During the main tourist season, this lighthouse includes a gift shop with nautical and lighthouse-themed souvenirs, as well as a friendly museum, which for a two dollar fee, traces the history of both the lighthouse and the remains of Fort Williams. The museum, which is the former lighthouse keepers’ home, includes a timeline and an interesting account of what it was like to be a lighthouse keeper. Exploring the museum, I learned that Maine currently has fifty-three lighthouses and the museum includes a current coastal map. From Portland Head Light looking out to sea, as an added bonus, visitors can also see another privately-owned lighthouse which was constructed in 1905.
Memorials are delicately hidden around Portland Head Light including a rock commemorating the wreck and the rescue of the crew of the “Annie C. Maguire” which was traveling from Buenos Aires and crashed along the ledge of the lighthouse on Christmas Eve, 1886. This vessel was traveling in clear weather and the cause of the crash was unknown.

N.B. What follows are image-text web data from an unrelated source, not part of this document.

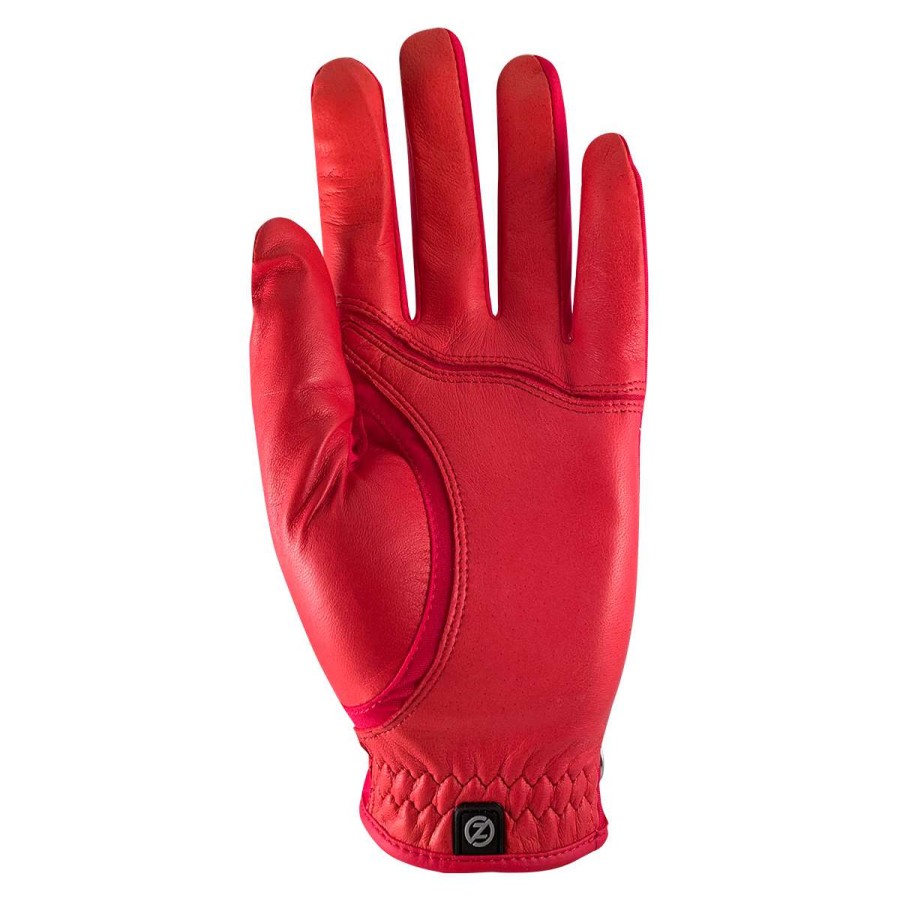 Accessories * | Men'S Oh Canada! Cabretta Glove Fashionable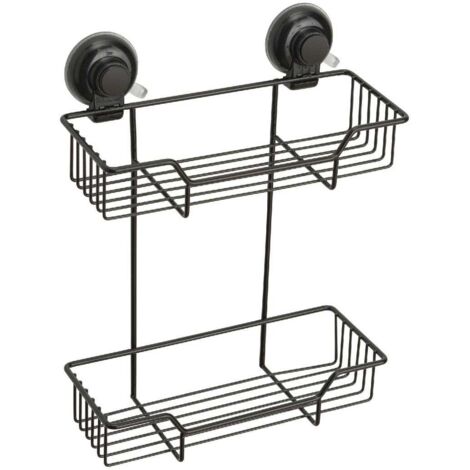 Carrello portaoggetti a doppio strato, carrello portaoggetti mobile a doppio strato, ripiano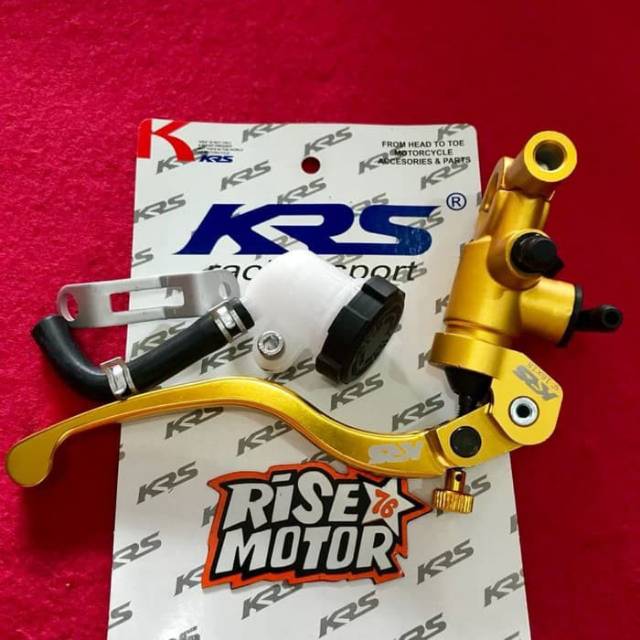 Master rem krs new gold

Henry Wadsworth Longfellow used to walk from Portland to visit Portland Head Light as he was friends with the keepers. It is believed that Longfellow used this lighthouse as the inspiration of his poem, “The Lighthouse”, and I could almost visualize the movement of ships during Longfellow’s time.
A somber memorial also remembers the victims of the U.S.S. Eagle-56, which was torpedoed and sunk by German U-boats just nine miles southeast of the lighthouse in April, 1945. Sadly, this was the greatest loss of U.S. Navy personnel in New England waters during World War II.
Trails are located all through this park (be sure to take the Cliff Walk high above the seas crashing) and come dressed for winds off the Atlantic Ocean regardless of the time of year. I loved looking out to sea and watching flocks of ducks trying to navigate the choppy waters. On the day I visited, sailboats and lobster boats were gliding through the area. Flocks of butterflies were floating above a well-tended monarch butterfly garden, and manicured lawns with colorful flowers surrounded the lighthouse and trails. Picnic tables are everywhere so be sure to bring a snack to take in the spectacular million dollar views.
Lighthouses are a part of the tapestry of New England scenery and Portland Head Light is one of the stars. For visitors to the Portland area, be sure to set aside some time for a visit to Portland Head Light. This lighthouse is a shining beacon of Maine nautical history.